Posted by anotherbigbite in The "Joy" of Parenting, TMI

≈ 3 Comments

Tags

family, finn, funny kids, kids, kids say the darndest things, little kids, out of the mouths of babes, parenting

When Finn was about Alice’s age, I would agonize over his speech; or lack thereof.  Everything was babbling and ooodling, and before I could process it, he was schooling me on the proper usage of the word “obligated.”

1finn2

One of the perks of parenthood is being around a moment when your kids make a hysterical miscalculation about the English language.  Or they say something so terribly inappropriate that you have no choice but to laugh.  Like yesterday, when Finn exclaimed in the restroom at Walmart, “OH, MOM!  I peed in my eye!”
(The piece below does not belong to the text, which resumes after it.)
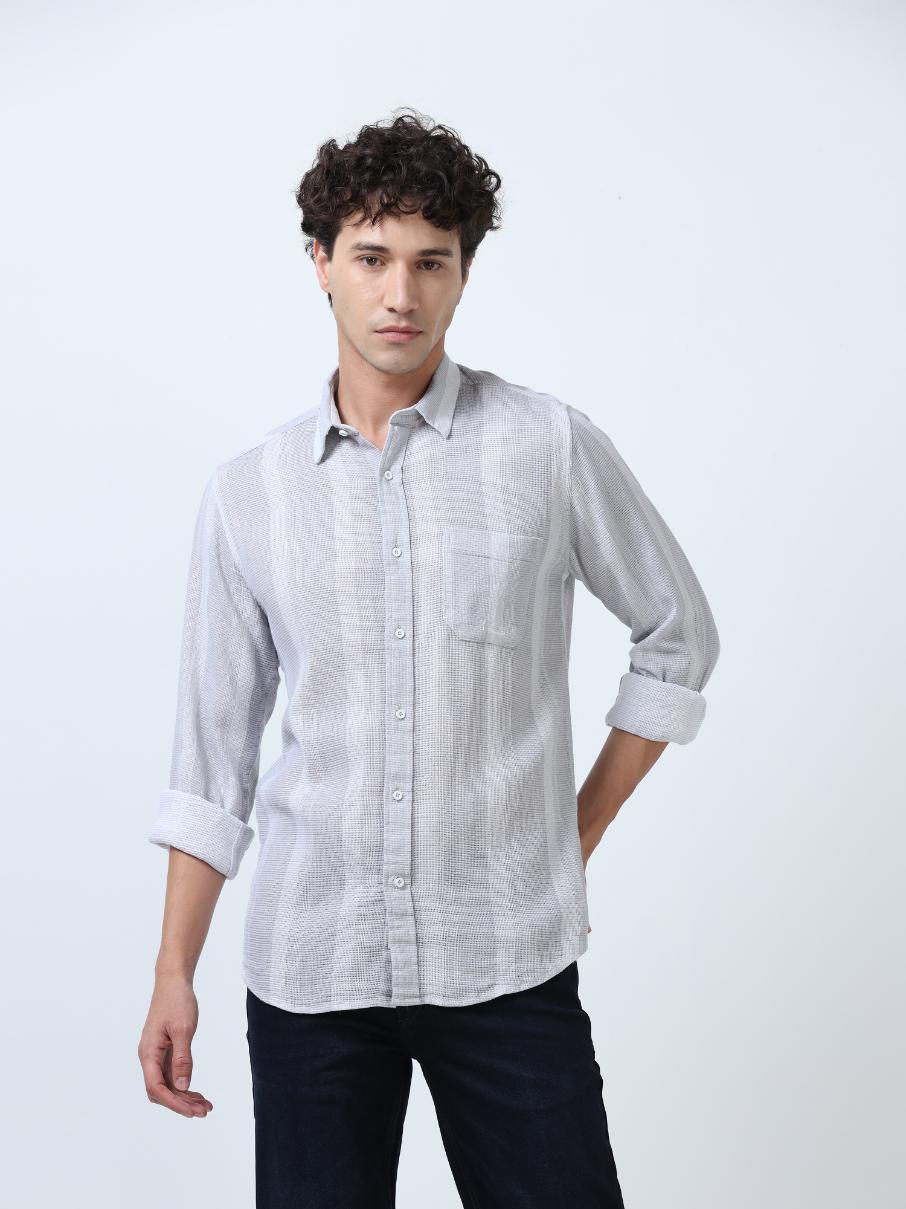 Textured Stripes Grey Shirt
If you are trying to wrap your brain around the mechanics of such an event, allow me to enlighten you…  If you have boy parts, do not try to watch yourself poop.  Weenies have a mind of their own.   Too much information?  Well, it is Friday, after all.  Lighten up.

One of my favorite Finnish phrases is the title of this post.  I couldn’t tell you the context (I’ve since forgotten), but it speaks the truth.  This really isn’t reality here in Colorado – it is way too much good coupled with way too much stress.  (A perfect equilibrium, I ‘spose.)  Ah.  Out of the mouths of babes.

Here are a few of Finny’s finest that I have been cataloguing in the notepad on my phone.  I realize that NO ONE thinks this shit is as funny as Nathan and I find it.  If this kind of stuff bores you; I’ll see ya again on Monday.  Don’t let the back button hit you in the ass on the way out.

1finn1

On Wookies

“Look!  It’s One Baca!”

“What are you talking about, Finny?  That is CHEWBACCA.”

“Yes!  Two Baca!”

Eloquent Observations on the Female Anatomy

“That is just Mom using her Monster Hole.”  (As I am holding my wallet between my thighs while trying to sign a credit card slip.)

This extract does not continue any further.